Here $\alpha$, $\beta$, and $\gamma$ are constants greater than one (the paper found roughly $\alpha = 1.2$, $\beta = 1.1$, $\gamma = 1.15$ by a small grid search), and $\phi$ is the single knob you turn to grow the network; setting $\phi = 0$ recovers the base network, and each step up multiplies depth, width, and resolution by those fixed per-step factors. The constraint keeps the total compute growing by roughly $2^\phi$ as $\phi$ increases, so each unit of $\phi$ doubles the budget and spreads it across all three dimensions in the empirically best proportion.

The squared exponents on width and resolution are not arbitrary; they fall straight out of how convolution counts cost. Doubling the depth stacks twice as many layers, so cost doubles, a factor of $2$. Doubling the width doubles both the input and the output channel count of every layer, and a convolution's cost scales with their product, so cost quadruples, a factor of $4$. Doubling the input resolution doubles both the height and the width of every feature map, so there are four times as many pixels to convolve, again a factor of $4$. Width and resolution each cost like an area (two dimensions growing at once) while depth costs like a length, which is exactly why they sit under squares in $\alpha \cdot \beta^2 \cdot \gamma^2$ and depth does not. The constraint is just the statement "whatever combination you pick, let the total compute roughly double per step of $\phi$".

With the scaling rule fixed, the remaining question is what to scale from. The base network is EfficientNet-B0, built from inverted-residual SE blocks and found by neural architecture search, an automated procedure that searches over candidate layer configurations to optimize accuracy under a cost budget rather than designing them by hand. Increasing $\phi$ from that base generates the B1 through B7 family, which traced an accuracy-per-FLOP frontier that dominated for years. The lesson reframes the depth-versus-width debate of Section 20.2: the answer is not depth or width but a principled mixture, plus resolution.

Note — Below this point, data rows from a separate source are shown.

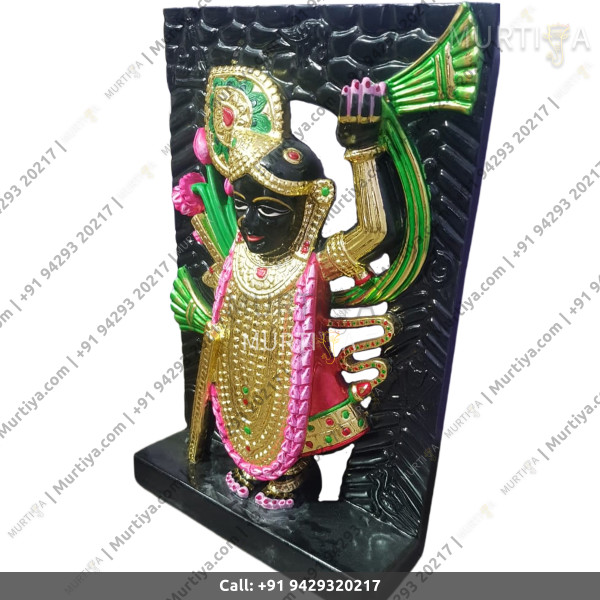 Marble Shreenath Ji Pure Black Golden Clothes Single Stone Marble Shreenath Ji Pure Black Golden Clothes Single Stone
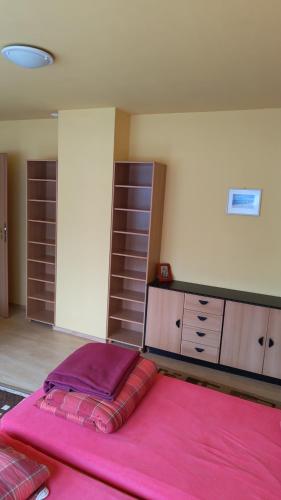 a bedroom with a large bed with a pink blanket at t45yhfg in Pobierowo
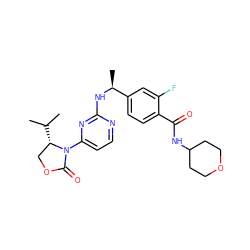 CC(C)[C@H]1COC(=O)N1c1ccnc(N[C@@H](C)c2ccc(C(=O)NC3CCOCC3)c(F)c2)n1 ZINC000142114412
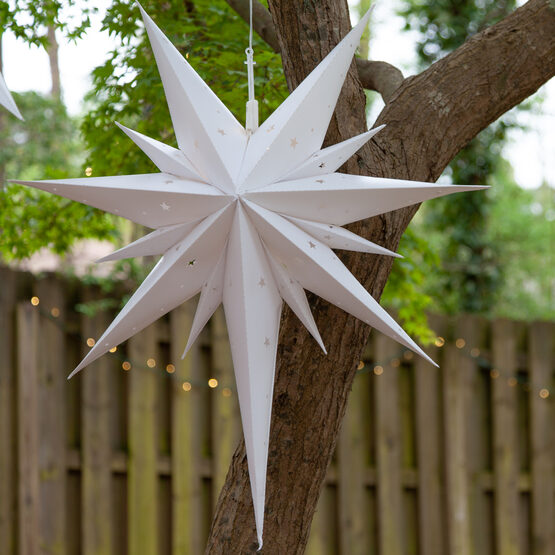 26" White Aurora Superstar TM Bethlehem Star Lantern, Fold-Flat, LED Lights 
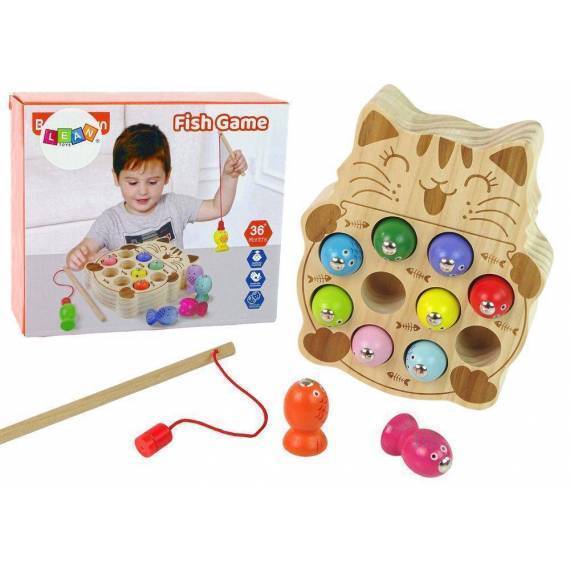 Wooden Fish Catching Game 2 Fishing Rods Kitten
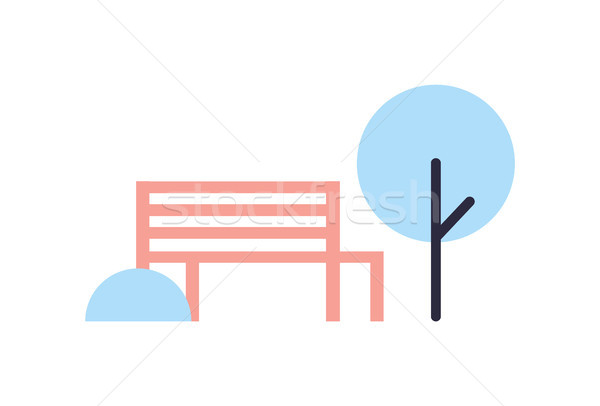 Park in Winter Composition Vector Illustration Stock photo © robuart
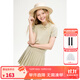 ELLE KIDS童裝 25夏季女童法式甜美風(fēng)娃娃領(lǐng)正肩版休閑刺繡針織短袖上衣 卡其綠 160 （S）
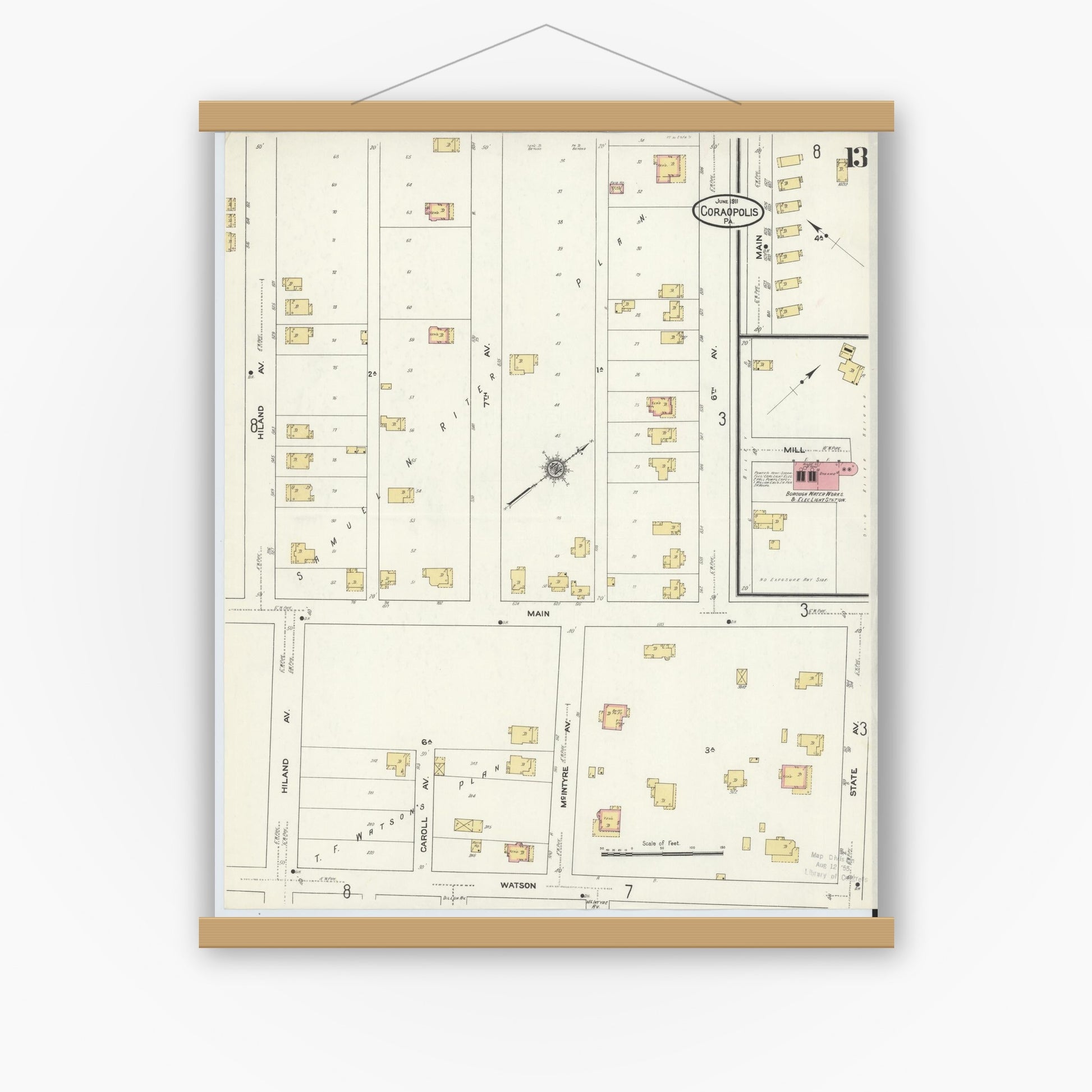 Old map wall art mockup — magnetic wood frame on white wall — Sanborn Fire Insurance Map from Coraopolis, Allegheny County, Pennsylvania (1911), Sheet #0013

# Load the efficient backbones pretrained on ImageNet, picking by their
# accuracy-latency tradeoff. The depthwise grouping, inverted-residual and SE
# blocks, and channel-multiplier settings of this section are all inside timm.
import timm
# Pick a model by its accuracy-latency tradeoff, all pretrained on ImageNet:
mbv3 = timm.create_model("mobilenetv3_large_100", pretrained=True)  # ~5.5M params
effb0 = timm.create_model("efficientnet_b0", pretrained=True)       # ~5.3M params
# timm exposes FLOP and parameter stats for ranking candidates:
print(sum(p.numel() for p in effb0.parameters()))